Tuesday, December 18, 2012

On the topic of God's purported absence from our schools

I see "Christian" jargon like this being disseminated across the internet from time to time, particularly following events like the recent tragedy in Newtown, Connecticut.

A few days ago, a friend of mine quite appropriately asked some very important questions about the message on this particular t-shirt.  She made no apologies about the fact that she felt insulted and infuriated by this sentiment.  It applies a seemingly personal, direct blame against her, given that she does not call herself religious or a Christian, and she has no problem with God not taking front-and-center in our schools.

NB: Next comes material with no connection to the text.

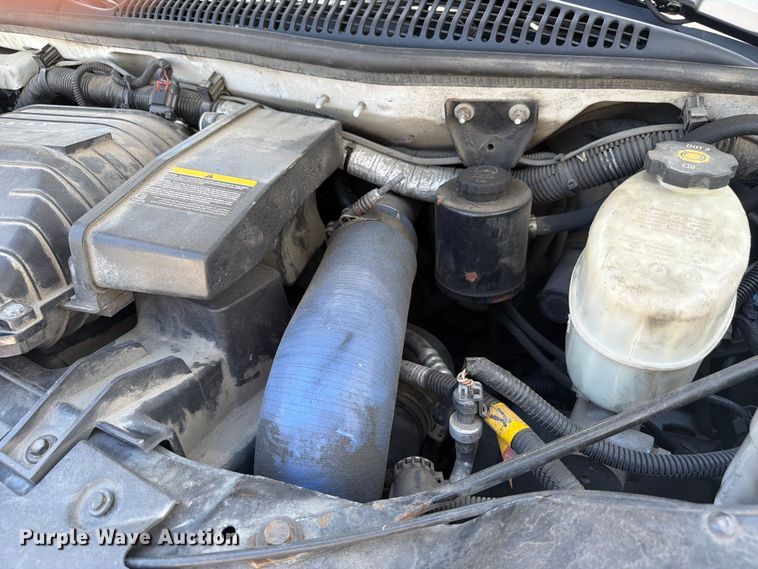 image for item FC3248 2016 Chevrolet Express delivery van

I appreciate the time and thought she put into the questions she raised, as well as the anger she was brave enough to express.  Here's what I had to say in response:

Simply put, a statement like that is bad theology. It projects certain attitudes onto the character of God when, really, we have no business saying just who God is or what he has allowed. Bad things happen all the time because we are broken people. We’re flawed and complicated and often do not operate under anything but blind selfishness. There are certain things that as people of faith, we just have to accept as unknowable. I can try to wrap my brain around this world and God and all the hurt, but try as I may, I will never understand all of it. God is God, and I am not.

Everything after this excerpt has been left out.